On March 23, while meddling an internal squabble among the BJP workers over the candidature of Satish Gautam from Aligarh Lok Sabha constituency, Kalyan Singh told the party workers, “Hum sabhi log BJP ke karyakarta hain aur iss naatey se hum zaroor chahenge ki BJP vijayi ho. Sab chahengey ek baar phir kendra mein Mojiji Pradhan Mantri banein” (All of us are BJP workers and we want the party to win. We want Modiji to become the Prime Minister. It is necessary that Modiji becomes the PM again).
EC after being apprised of the incident had asked a factual report from the Uttar Pradesh Chief Electoral Officer (CEO). The election watchdog after receiving a transcript from CEO substantiated that the Governor had indeed referred to himself as “one among BJP karyakartas”. The EC after pondering over the mater has said that it is best the President who appoints the governor takes further action.
After 2 decades, a Governor violates Model Code Conduct
A Governor enjoys a constitutional post which is ‘apolitical’ in nature and the job requires him/her to be neutral. It bars him/her from endorsing any political party or a person. Governor comment as such is against the Indian constitution.
Keeping history as a witness, the last time a governor found guilty of violating the provisions of the MCC happened almost two decades ago. Governor of Himachal Pradesh Gulsher Ahmed in 1993 was seen campaigning and cheering for his son Sayeed Admed in the constituency from where he was contesting. After the EC held the Governor accountable for using his power to support his son, Ahmed subsequently resigned from the Governor’s post.
What is MCC?
The Model Code Of Conduct is a set of guidelines which regulate political parties and its candidates to ensure free and fair polls. The Election Commission derives its powers from Article 324 of the Constitution which allows it to monitor the central and state governments as well as the political parties and their candidates.
The MCC provisions deal with a myriad of issues ranging from speeches, management of elections, polling booths, portfolios, the content of election manifestos, among others.
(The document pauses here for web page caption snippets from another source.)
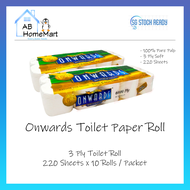 💯 [SG STOCK] Onwards Toilet Roll | Toilet paper roll | 3ply | 220sheets x 10rolls / Packet | Carton 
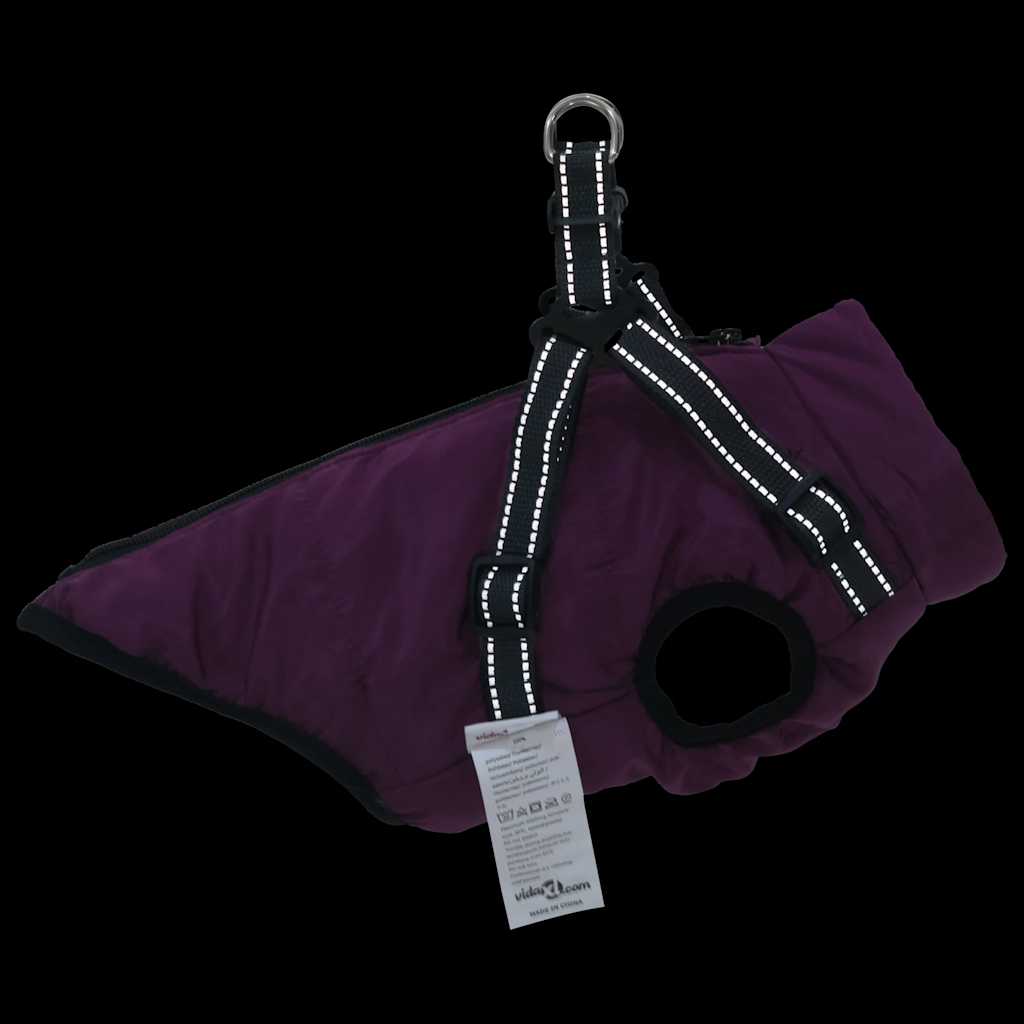 Dog Coat with Harness Waterproof Reflective Purple 2XL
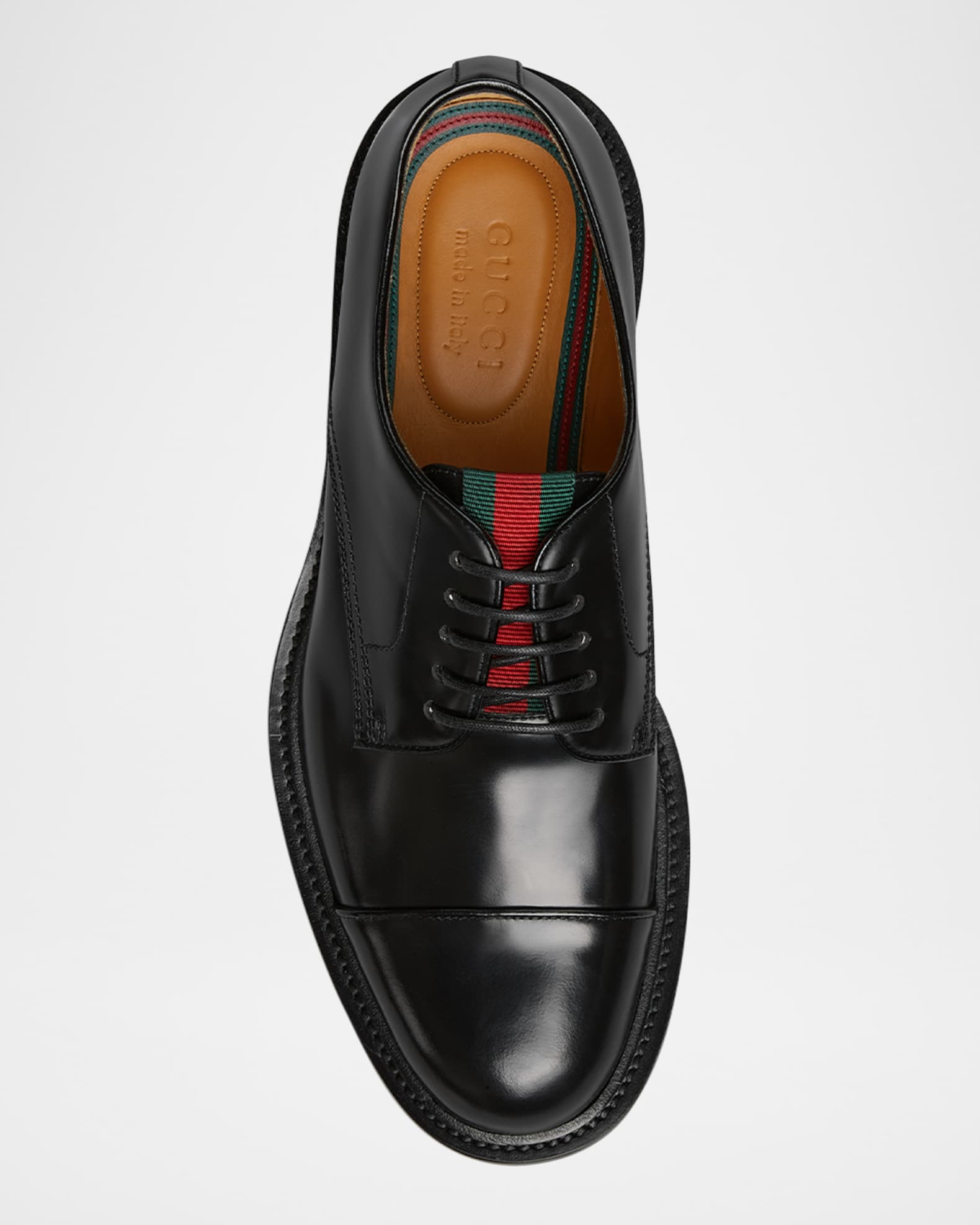 Gucci Men's William Leather Cap-Toe Derby Shoes | Neiman Marcus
What happens after MCC kick-in?
- The party in power, both in the centre and states, should ensure that it does not use its official position for campaigning.
- The ruling party is prohibited from announcing any new scheme or policy or make ad-hoc appointments which may sway public voting behaviour in their favour.
- The party must refrain from advertising at the cost of the public exchequer or using official media for publicity.
- Ministers are barred from combining official visits with election work and the ruling party cannot use government transport for campaigning.
- The facilities that the ruling party enjoys for campaigning must also be extended to opposition parties as well.
- Issuing advertisements at the cost of the public exchequer is also considered to be an offence.
- The political parties have to steer clear from using places of religious significance for election propaganda.
- Bribing and intimidating voters is barred and political parties cannot hold public meeting during the 48-hour period before the poll. This 48-hour-period is also known as the “election silence.”